Directions for this task:
Set down exactly, from the records below, the line with "3 X COMPUTER NETWORKING GEAR SWITCHES" through the line with "Appartement Comfortable Flat", and nothing else.

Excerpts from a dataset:
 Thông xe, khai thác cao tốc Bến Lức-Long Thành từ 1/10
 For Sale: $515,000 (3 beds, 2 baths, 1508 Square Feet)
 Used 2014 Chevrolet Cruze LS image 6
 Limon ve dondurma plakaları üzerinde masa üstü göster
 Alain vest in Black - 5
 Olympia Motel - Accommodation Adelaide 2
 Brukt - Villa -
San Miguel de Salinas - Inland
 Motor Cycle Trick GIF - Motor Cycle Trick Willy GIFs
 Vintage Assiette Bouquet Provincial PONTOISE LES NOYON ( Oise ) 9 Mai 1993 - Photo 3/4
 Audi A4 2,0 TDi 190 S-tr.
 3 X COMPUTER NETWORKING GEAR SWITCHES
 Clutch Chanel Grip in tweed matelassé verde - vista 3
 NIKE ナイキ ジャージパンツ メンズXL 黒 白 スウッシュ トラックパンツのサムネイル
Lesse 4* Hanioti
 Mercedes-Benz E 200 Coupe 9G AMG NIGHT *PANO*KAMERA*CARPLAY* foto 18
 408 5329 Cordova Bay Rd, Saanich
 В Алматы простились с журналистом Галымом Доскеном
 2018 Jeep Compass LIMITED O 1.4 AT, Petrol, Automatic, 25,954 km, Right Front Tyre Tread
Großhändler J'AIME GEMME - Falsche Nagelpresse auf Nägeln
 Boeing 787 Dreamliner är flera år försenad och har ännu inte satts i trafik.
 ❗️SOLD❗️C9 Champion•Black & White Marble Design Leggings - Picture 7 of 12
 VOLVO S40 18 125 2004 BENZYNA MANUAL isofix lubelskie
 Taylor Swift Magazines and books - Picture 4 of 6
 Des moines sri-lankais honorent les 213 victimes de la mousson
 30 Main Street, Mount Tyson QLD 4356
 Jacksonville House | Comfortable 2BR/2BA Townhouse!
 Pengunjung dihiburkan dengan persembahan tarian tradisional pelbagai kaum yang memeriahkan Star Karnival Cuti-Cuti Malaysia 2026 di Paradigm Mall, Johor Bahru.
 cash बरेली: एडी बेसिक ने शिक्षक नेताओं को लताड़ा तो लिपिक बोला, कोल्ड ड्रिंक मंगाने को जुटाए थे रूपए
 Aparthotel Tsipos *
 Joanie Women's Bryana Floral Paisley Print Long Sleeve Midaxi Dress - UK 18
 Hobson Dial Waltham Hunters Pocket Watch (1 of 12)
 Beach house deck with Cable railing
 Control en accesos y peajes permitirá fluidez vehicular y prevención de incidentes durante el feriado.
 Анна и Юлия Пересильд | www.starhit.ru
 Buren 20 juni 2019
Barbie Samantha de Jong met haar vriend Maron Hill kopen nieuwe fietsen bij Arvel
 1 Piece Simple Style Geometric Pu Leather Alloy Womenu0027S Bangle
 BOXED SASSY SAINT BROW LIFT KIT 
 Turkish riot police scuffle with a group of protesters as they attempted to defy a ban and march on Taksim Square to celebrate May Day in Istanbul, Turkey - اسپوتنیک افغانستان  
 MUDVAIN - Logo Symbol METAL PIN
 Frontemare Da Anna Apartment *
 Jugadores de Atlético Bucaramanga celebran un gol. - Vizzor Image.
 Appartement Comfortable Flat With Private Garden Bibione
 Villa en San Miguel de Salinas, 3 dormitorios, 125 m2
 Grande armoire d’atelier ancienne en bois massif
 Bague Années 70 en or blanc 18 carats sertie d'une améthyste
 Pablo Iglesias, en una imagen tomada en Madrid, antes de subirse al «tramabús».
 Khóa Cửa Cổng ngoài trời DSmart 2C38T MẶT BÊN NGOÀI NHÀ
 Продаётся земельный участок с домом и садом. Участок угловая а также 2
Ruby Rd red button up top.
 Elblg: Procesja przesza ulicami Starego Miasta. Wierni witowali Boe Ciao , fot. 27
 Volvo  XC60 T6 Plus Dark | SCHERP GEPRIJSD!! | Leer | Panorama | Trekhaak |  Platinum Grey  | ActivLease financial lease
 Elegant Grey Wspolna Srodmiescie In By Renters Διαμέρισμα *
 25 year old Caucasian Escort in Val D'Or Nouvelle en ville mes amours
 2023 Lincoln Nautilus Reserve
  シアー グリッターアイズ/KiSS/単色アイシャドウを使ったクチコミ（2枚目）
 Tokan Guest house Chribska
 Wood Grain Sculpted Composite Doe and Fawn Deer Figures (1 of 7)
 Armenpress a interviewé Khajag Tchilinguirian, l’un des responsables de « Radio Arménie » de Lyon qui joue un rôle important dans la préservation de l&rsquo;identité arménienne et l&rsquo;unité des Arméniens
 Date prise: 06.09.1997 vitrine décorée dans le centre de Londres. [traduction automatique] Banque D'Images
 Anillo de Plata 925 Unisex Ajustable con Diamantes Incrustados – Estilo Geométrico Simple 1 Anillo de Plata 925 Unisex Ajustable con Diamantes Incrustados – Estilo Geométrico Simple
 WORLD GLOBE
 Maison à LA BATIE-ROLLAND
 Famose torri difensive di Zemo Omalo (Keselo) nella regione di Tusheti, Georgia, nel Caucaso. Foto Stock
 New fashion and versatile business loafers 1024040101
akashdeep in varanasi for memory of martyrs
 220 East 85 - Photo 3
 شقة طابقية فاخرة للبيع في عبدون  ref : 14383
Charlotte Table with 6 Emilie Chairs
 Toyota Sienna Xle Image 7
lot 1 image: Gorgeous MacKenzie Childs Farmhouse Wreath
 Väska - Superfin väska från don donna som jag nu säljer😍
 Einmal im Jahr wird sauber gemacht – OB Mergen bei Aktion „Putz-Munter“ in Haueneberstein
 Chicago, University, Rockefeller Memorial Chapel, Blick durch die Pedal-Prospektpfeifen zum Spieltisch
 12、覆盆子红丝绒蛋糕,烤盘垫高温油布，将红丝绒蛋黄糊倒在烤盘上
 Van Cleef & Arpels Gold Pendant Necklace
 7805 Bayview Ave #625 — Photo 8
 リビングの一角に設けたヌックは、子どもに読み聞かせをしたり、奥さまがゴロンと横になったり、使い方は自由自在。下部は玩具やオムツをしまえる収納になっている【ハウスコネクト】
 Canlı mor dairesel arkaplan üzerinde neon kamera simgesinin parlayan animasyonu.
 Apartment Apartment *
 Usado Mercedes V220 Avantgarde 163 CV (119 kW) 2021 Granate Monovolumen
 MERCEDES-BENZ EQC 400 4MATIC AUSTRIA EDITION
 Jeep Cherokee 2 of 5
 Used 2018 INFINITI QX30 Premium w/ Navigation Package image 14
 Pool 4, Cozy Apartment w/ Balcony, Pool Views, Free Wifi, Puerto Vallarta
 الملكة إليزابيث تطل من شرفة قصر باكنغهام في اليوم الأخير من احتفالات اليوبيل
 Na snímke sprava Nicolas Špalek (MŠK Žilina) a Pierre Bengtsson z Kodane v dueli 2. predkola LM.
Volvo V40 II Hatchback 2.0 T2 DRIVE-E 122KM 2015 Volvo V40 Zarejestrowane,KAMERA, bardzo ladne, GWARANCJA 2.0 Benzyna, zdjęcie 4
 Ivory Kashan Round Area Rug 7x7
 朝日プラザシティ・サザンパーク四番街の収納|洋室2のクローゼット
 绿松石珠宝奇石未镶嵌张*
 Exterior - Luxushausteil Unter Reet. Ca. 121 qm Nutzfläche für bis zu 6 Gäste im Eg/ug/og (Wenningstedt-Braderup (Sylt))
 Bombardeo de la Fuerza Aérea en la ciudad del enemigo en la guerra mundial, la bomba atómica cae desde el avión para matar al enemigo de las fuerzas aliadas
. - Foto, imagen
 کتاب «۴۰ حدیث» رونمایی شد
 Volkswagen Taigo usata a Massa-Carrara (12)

Exercise response:
 3 X COMPUTER NETWORKING GEAR SWITCHES
 Clutch Chanel Grip in tweed matelassé verde - vista 3
 NIKE ナイキ ジャージパンツ メンズXL 黒 白 スウッシュ トラックパンツのサムネイル
Lesse 4* Hanioti
 Mercedes-Benz E 200 Coupe 9G AMG NIGHT *PANO*KAMERA*CARPLAY* foto 18
 408 5329 Cordova Bay Rd, Saanich
 В Алматы простились с журналистом Галымом Доскеном
 2018 Jeep Compass LIMITED O 1.4 AT, Petrol, Automatic, 25,954 km, Right Front Tyre Tread
Großhändler J'AIME GEMME - Falsche Nagelpresse auf Nägeln
 Boeing 787 Dreamliner är flera år försenad och har ännu inte satts i trafik.
 ❗️SOLD❗️C9 Champion•Black & White Marble Design Leggings - Picture 7 of 12
 VOLVO S40 18 125 2004 BENZYNA MANUAL isofix lubelskie
 Taylor Swift Magazines and books - Picture 4 of 6
 Des moines sri-lankais honorent les 213 victimes de la mousson
 30 Main Street, Mount Tyson QLD 4356
 Jacksonville House | Comfortable 2BR/2BA Townhouse!
 Pengunjung dihiburkan dengan persembahan tarian tradisional pelbagai kaum yang memeriahkan Star Karnival Cuti-Cuti Malaysia 2026 di Paradigm Mall, Johor Bahru.
 cash बरेली: एडी बेसिक ने शिक्षक नेताओं को लताड़ा तो लिपिक बोला, कोल्ड ड्रिंक मंगाने को जुटाए थे रूपए
 Aparthotel Tsipos *
 Joanie Women's Bryana Floral Paisley Print Long Sleeve Midaxi Dress - UK 18
 Hobson Dial Waltham Hunters Pocket Watch (1 of 12)
 Beach house deck with Cable railing
 Control en accesos y peajes permitirá fluidez vehicular y prevención de incidentes durante el feriado.
 Анна и Юлия Пересильд | www.starhit.ru
 Buren 20 juni 2019
Barbie Samantha de Jong met haar vriend Maron Hill kopen nieuwe fietsen bij Arvel
 1 Piece Simple Style Geometric Pu Leather Alloy Womenu0027S Bangle
 BOXED SASSY SAINT BROW LIFT KIT 
 Turkish riot police scuffle with a group of protesters as they attempted to defy a ban and march on Taksim Square to celebrate May Day in Istanbul, Turkey - اسپوتنیک افغانستان  
 MUDVAIN - Logo Symbol METAL PIN
 Frontemare Da Anna Apartment *
 Jugadores de Atlético Bucaramanga celebran un gol. - Vizzor Image.
 Appartement Comfortable Flat With Private Garden Bibione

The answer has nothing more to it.